What if you published ground-breaking research. Would anybody notice? How would you know they noticed? Such questions aren’t just for the narcissistic mad scientists among us. What if you funded the research? You’d want to know the impact. Altmetric tracks “article level mentions”. These metrics are defined by the Public Library of Science (PLOS) as measuring usage, citations, social bookmarking and activity, media coverage (including blogs), ratings and discussion activity. The Altmetric API provides access to its metrics that are derived from its database of over 300,000 articles and over 8,000 journals.
As of January 2012, it had captured nearly 1.5 million mentions of articles. The important part, as with so many things in life, comes down to how good the donuts are. Altmetric’s are very very good. It gives each article what it calls a donut score, as shown in this graphic:
Each article gets a score placed in the donut hole that indicates the article’s impact to date. Hovering over the score reveals further details. Through its reporting, you can see what kinds of attention the article is getting, where that attention is coming from geographically, and many other attributes.

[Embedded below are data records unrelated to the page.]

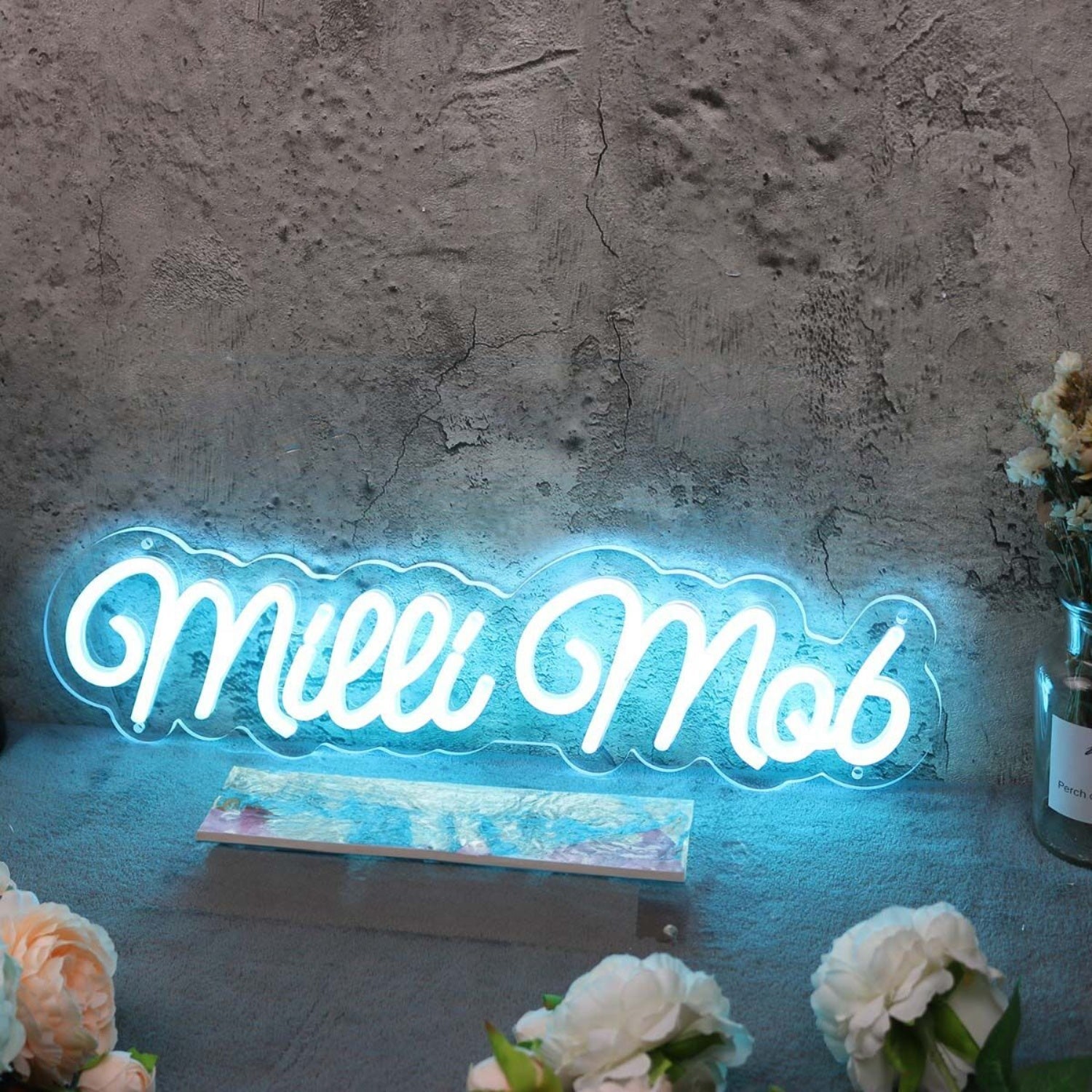 Milli Mob Blue Led Neon Sign - Shineneon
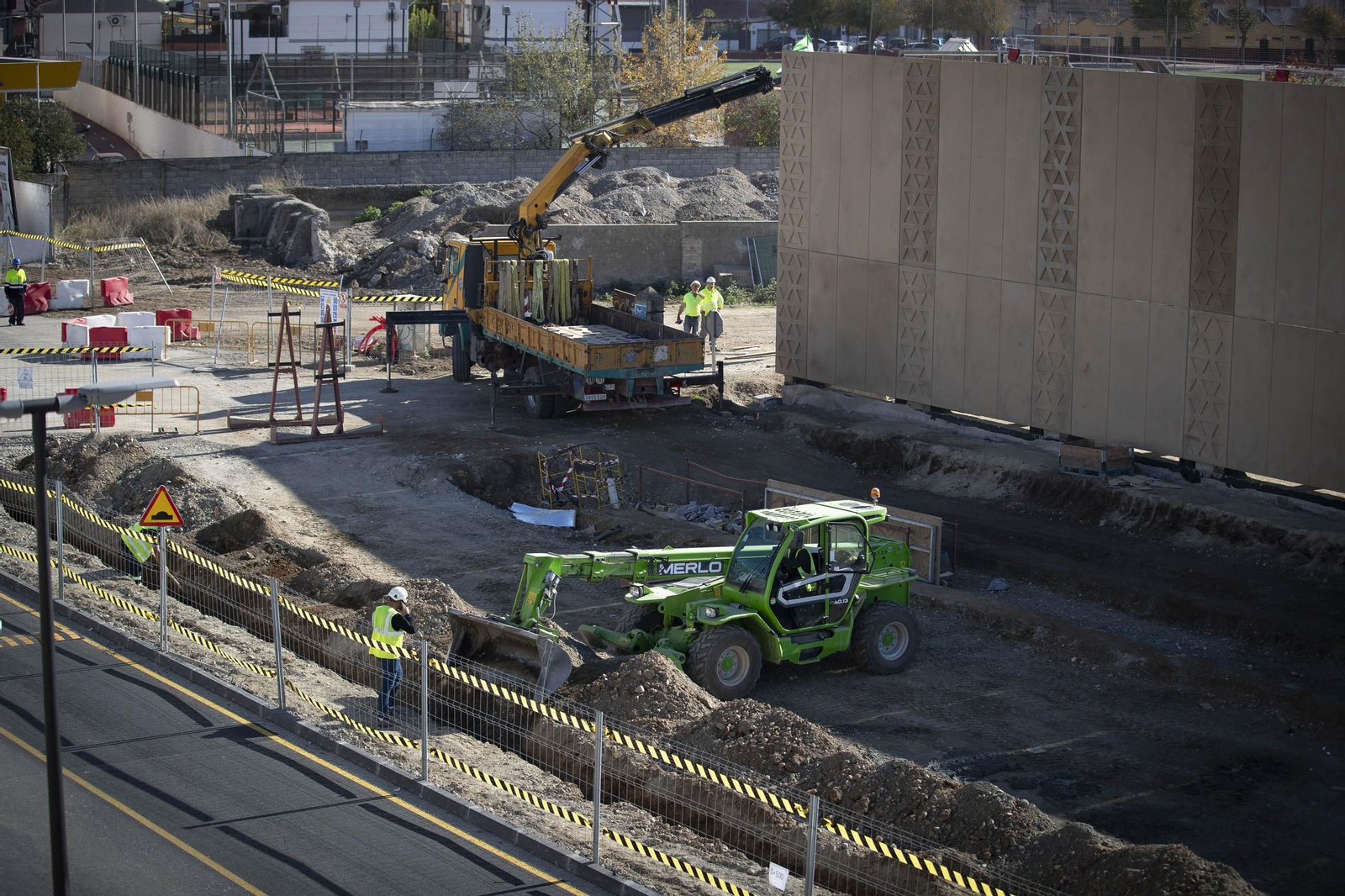 Parada San Cayetano en Churriana de la Vega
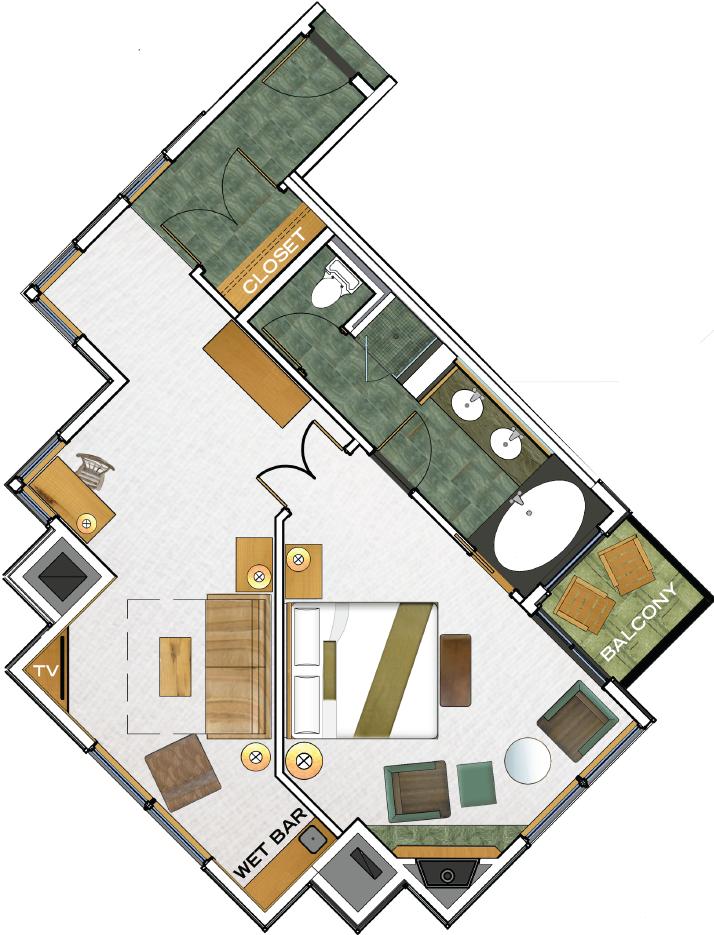 Beachcomber Suite floorplan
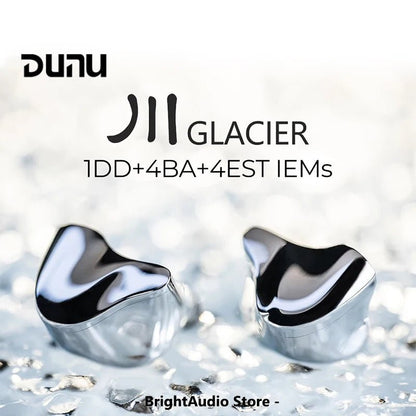 DUNU GLACIER Flagship IEMs 1DD+4BA+4EST 9 Hybrid Drivers In - Ear - The HiFi Cat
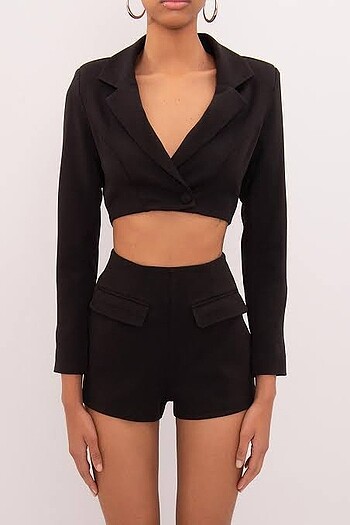 Hm crop blazer ceket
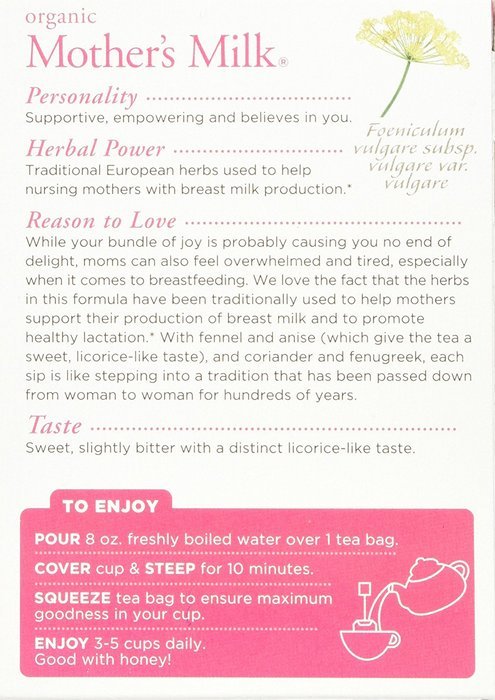 Traditional Medicinals Teas Organic Mother's Milk Tea Bags, 16 count - 3 Pack N2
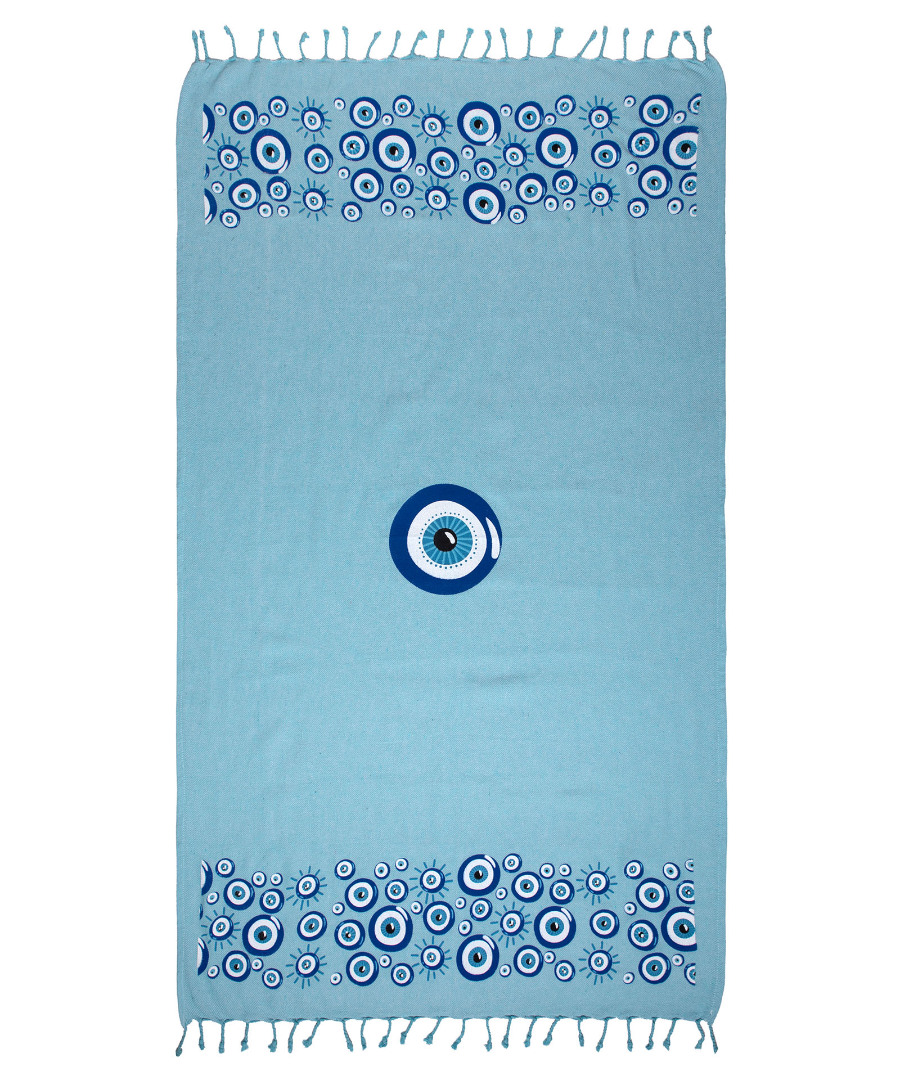 Φωτογραφία προϊόντος: SilkFashion Pestemal nkp544 (90cm x 180cm) σιέλ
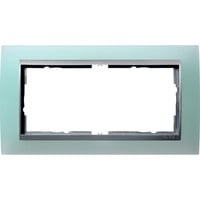 Gira Abdeckrahmen zweifach opak Event grün, Retail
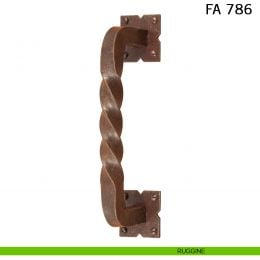 Maniglione in ferro per porta dritto FA 786 Il Forgiato misura 210 mm 2
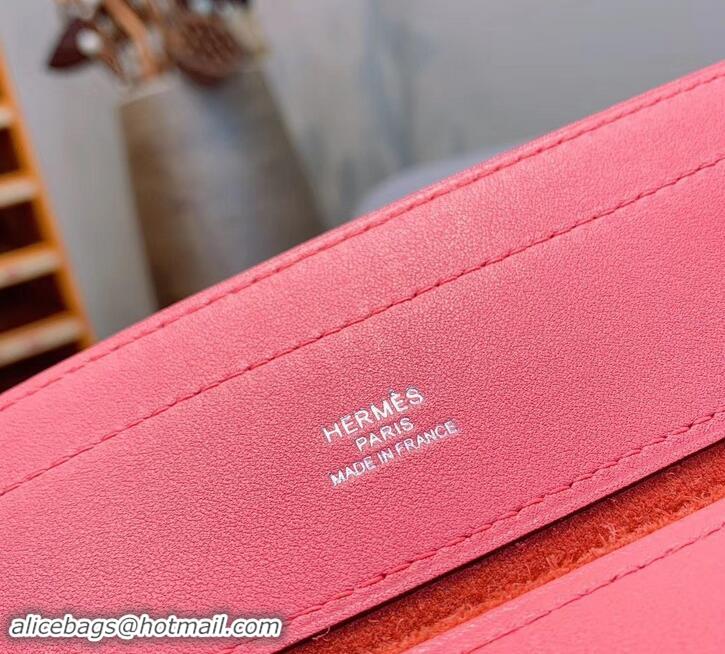 Grade Quality Hermes Aline Mini Bag in Swift Calfskin 601038 Peach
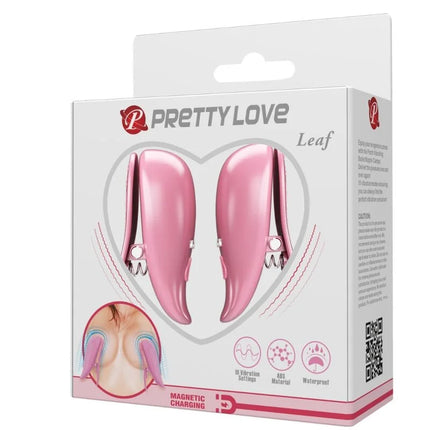 PRETTY LOVE - LEAF VIBRIERENDE NIPPELKLEMMEN ROSA - Nippelklemmen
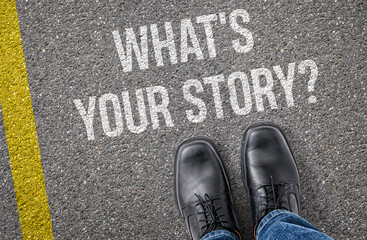 Text on the road - Whats your story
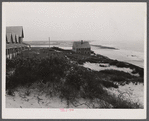 Corn Hill, a lonely and windswept spot near Provincetown. Tourist houses on left. Provincetown, Massachusetts.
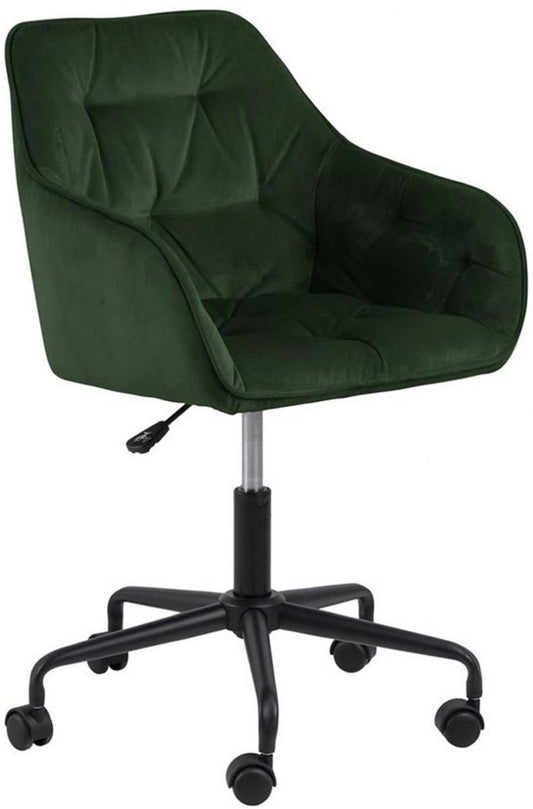 Office Chair Brooke | size: Width: 59cm, Height: 89cm, Depth: 58.5cm | color: Green | image: 1 | variant: 1005218
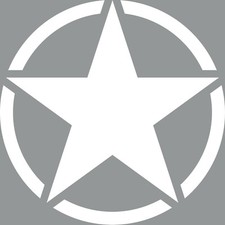 5cm Gloss White USA US Star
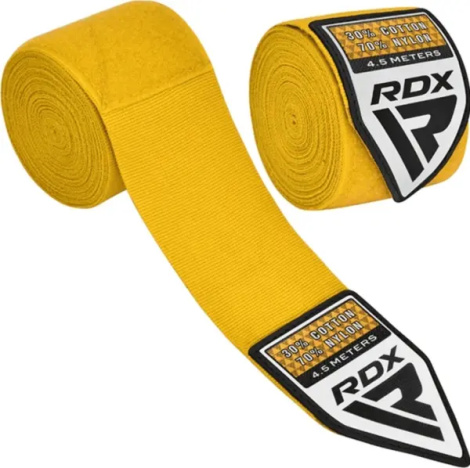 Бинти боксерські RDX HAND WRAPS жовті (4.5 м) HWX-RY+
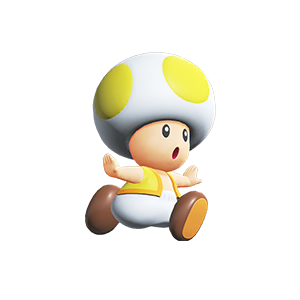File:ToadYellow (CharSelect) - SMBW.png - Super Mario Wiki, the Mario ...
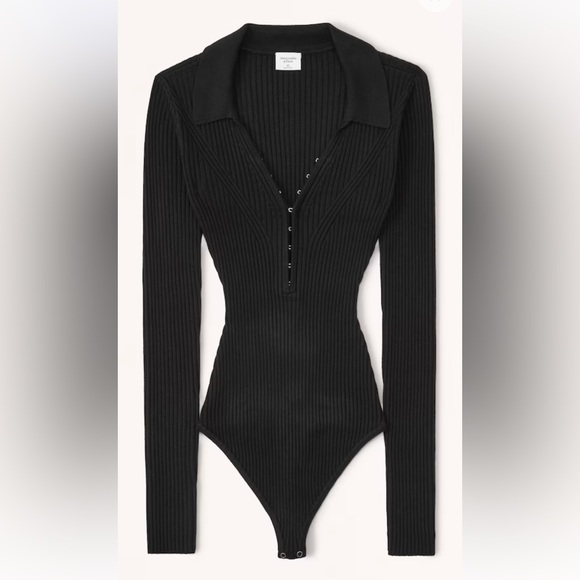 Abercrombie & Fitch Tops - Abercrombie and Fitch Black Bodysuit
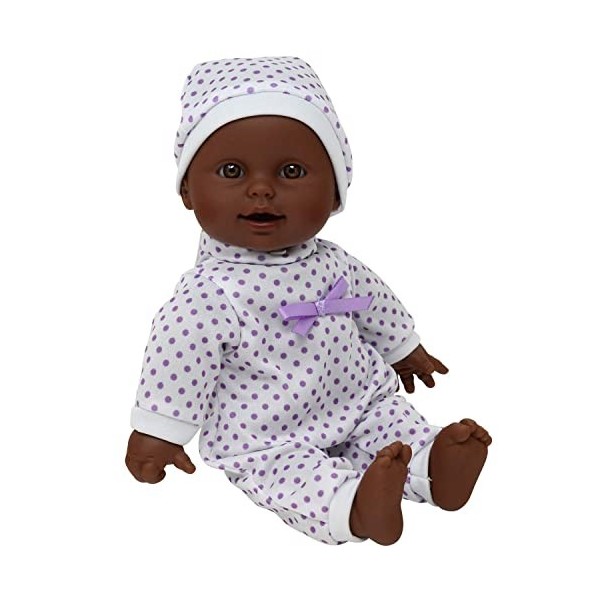 The New York Doll Collection 11 Zoll /28cm Weicher Körper Afroamerikaner Neugeborenes Babypuppe in Geschenkbox - Bonus Schnu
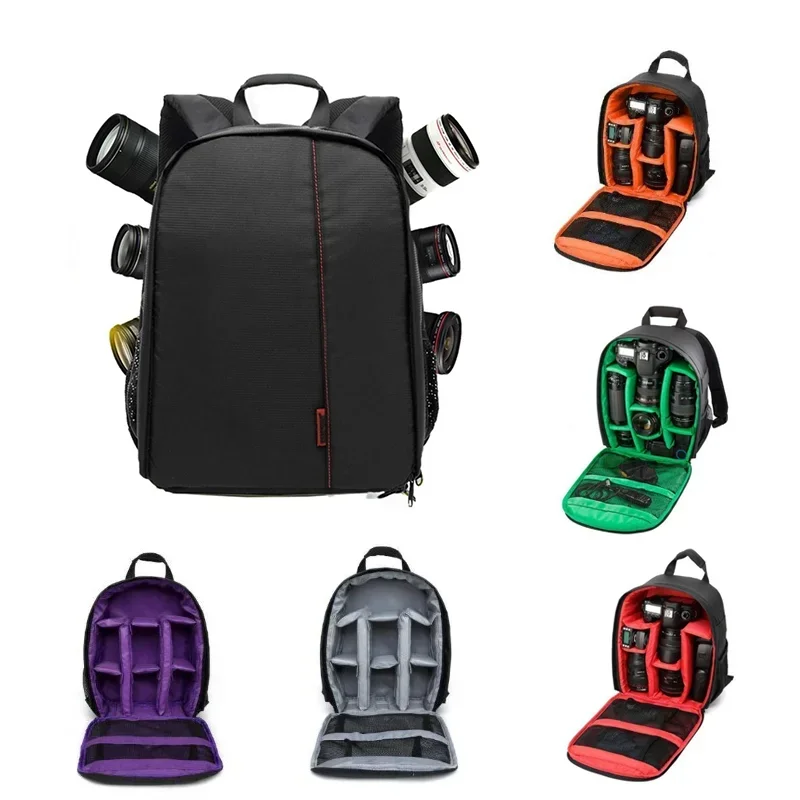 Multi-functional Outdoor Camera Backpack Video Digital Shoulder Camera Bag Camera Photo Bag Case for DSLR Sony for Nikon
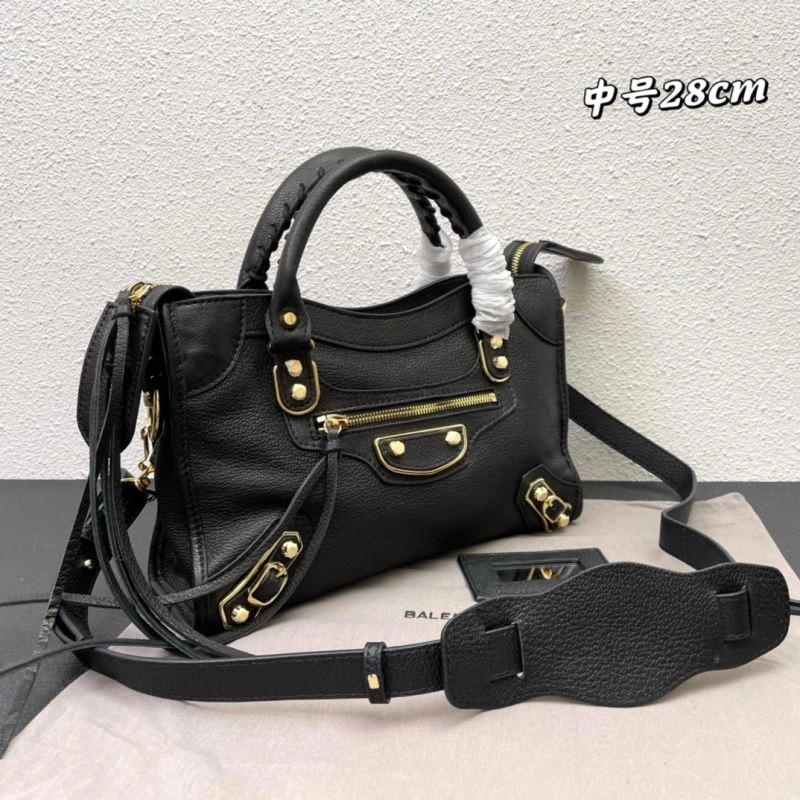Original Balenciaga  Medium Motorcycle Bag with Detachable Strap 72665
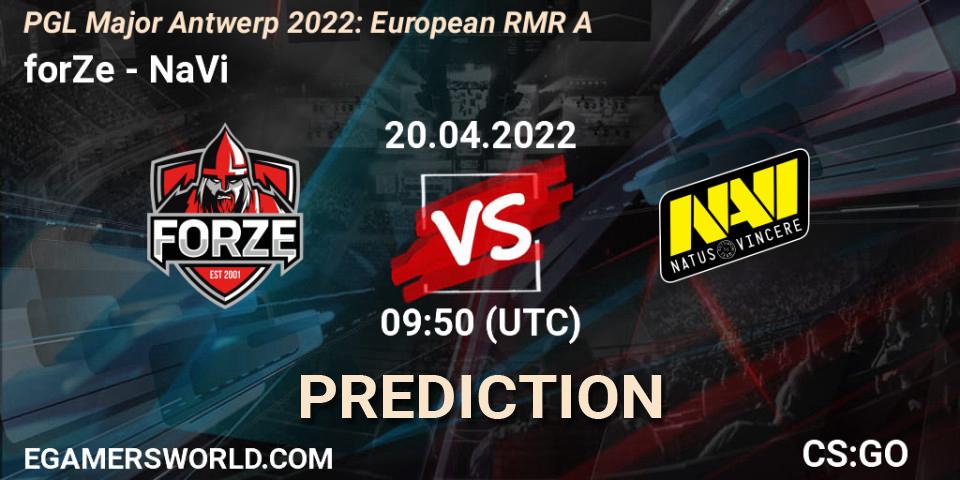 forZe - NaVi: Maç tahminleri. 20.04.2022 at 11:00, Counter-Strike (CS2), PGL Major Antwerp 2022: European RMR A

Below is a graphic with more detail on the score.
All of this is aimed at conveying just four important ideas: helping scientists understand which papers their peers think are interesting; quantify attention received; help publishers show their authors and readers the conversations sparked about the research; and to identify comments that require responses.
ameinfo.com, a business journal in the Middle East, gave an overview of what London-based Altmetrics does for scientific publishers,
“Paul Coyne, Technical Systems Director at QScience, said, “The availability of altmetrics for QScience.com articles is an important step forward for research publishing in the region. The discovery and sharing of research papers has moved to the online environment and I believe that we have a duty of care to our authors and their funders to measure, as comprehensively as possible, the impact of the papers that we publish on their behalf. Our partnership with Altmetric.com helps us to do that.”
Use of the Altmetric API and data are free for nonprofit purposes provided Altmetrics is cited as the source; they require a license fee for commercial uses.